Abasourdi et consterné, le roi Christian se laissa glisser contre le panneau de bois qui servait de tête de lit, et ferma les yeux dans un soupir las, comme pour oublier ce qu'il avait vu et entendu.

— C'est insensé. C'est votre mère. Celle qui vous a donné naissance, vous a éduquée...

— Dans les familles royales, ce ne sont pas les souverains qui éduquent leurs enfants, vous savez. Ma mère ne s'est jamais réellement souciée de moi, alors j'imagine que le conflit semble alors moins... absurde. Pour mon éducation, j'ai eu d'abord une gouvernante, très douce et chaleureuse. Puis un précepteur.

— J'ai ouï dire que vous avez bénéficié des enseignements de l'éminent Maître Emile Cujas, se souvint le roi, ouvrant un oeil pour guetter la réaction de son épouse, mais celle-ci ne broncha pas. Est-ce vrai ?

— En effet, c'est exact.

— On raconte qu'il s'oppose depuis des décennies au Dévoué Valmec.

— C'est là l'illustration parfaite de la guerre millénaire qui sévit entre Penseurs et Dévoués, répliqua la reine en haussant les épaules, sans jamais cesser de lisser ses longs cheveux de feu d'un geste mécanique de la main. Emile Cujas, en tant qu'ancien Penseur, adorateur du Dieu de la Contemplation Eli dit le Penseur, prône la recherche et la réflexion par dessus tout, tandis que Valmec, Dévoué au Dieu Devon l'Indulgent, base ses écrits sur mille et unes légendes et superstitions.

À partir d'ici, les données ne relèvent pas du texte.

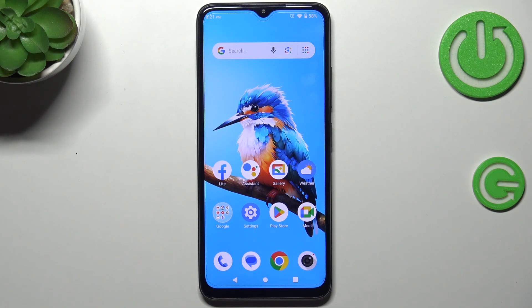Hi everyone, in front of me I've got the ZTE Blade A34, and let me share with you how to add or remove a Google account on this device.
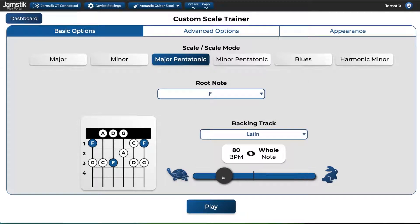Finally, you can pick the speed of the Scale Trainer exercise on the slider. Don't be afraid to pick a faster speed to challenge yourself, as there is no penalty for missing notes in Scale Trainer.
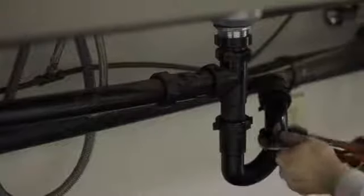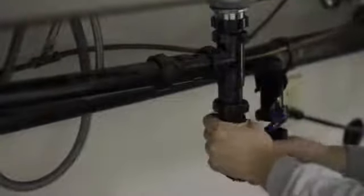First thing you want to do is remove your P-trap. You will get a little bit of water out of this P-trap, and that's what the bucket's for. Remove both slip joint nuts, give a little pull on the P-trap, and it should come right out.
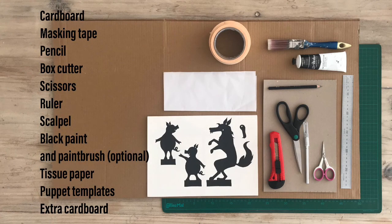What you'll need is cardboard or a cardboard box, masking tape, pencil, box cutter, scissors, a ruler, a scalpel, black paint and brush — that's optional, you don't have to paint the theatre but it makes it look fun — tissue paper, the puppet template or make your own, and extra cardboard.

Evidemment que ces deux personnages ne peuvent trouver un terrain d'entente. D'ailleurs, ajouta-t-elle d'une voix soudain enthousiaste en se tournant légèrement vers lui, le forçant à détourner les yeux pour ne pas voir sa poitrine ainsi dénudée, des bruits courts au Palais des Lumières, soufflant que vous auriez vous-même pendant un temps convoité une place au Cloitre des Penseurs. Qu'est-ce qui vous a fait changer d'avis ?

À cette question, Christian de Rochevelle baissa la tête, et cette fois-ci, Jade sut que ce n'était pas par pudeur, par peur que son regard croise une parcelle de chair dénudée. Il y avait là une raison bien plus profonde.

— La reine Katherine, répondit-il d'une voix faible, refusant encore de regarder celle qui lui succédait contre son gré.

Le roi d'Indeya ne put pas voir à cet instant la lueur dorée qui traversa les yeux d'émeraude de Jade, ni le sourire désolé qui décorait ses lèvres. Il était si absorbé par ses souvenirs et ses regrets qu'il ne vit pas non plus lorsque la reine se rapprocha de lui et posa une main sur sa joue, l'incitant à lever enfin la tête. Le visage qu'il avait devant lui lui coupa le souffle. De ses lèvres roses, étirées dans un fin sourire, jusqu'à ses yeux scintillant de sincérité, tout sur le visage de la reine respirait la résignation, et surtout, la compassion.

— Je sais, dit-elle alors simplement.

Et Christian sut immédiatement qu'elle ne parlait plus de l'abandon de sa vocation religieuse, mais bien du plus grand secret qu'il eut jamais gardé en son coeur, ce lourd et douloureux secret qu'il comptait emporter jusque dans sa tombe. Elle, cette femme aux yeux de forêt et aux cheveux de flamme, âgée d'à peine une décennie, venait de le découvrir en l'espace de quelques misérables secondes.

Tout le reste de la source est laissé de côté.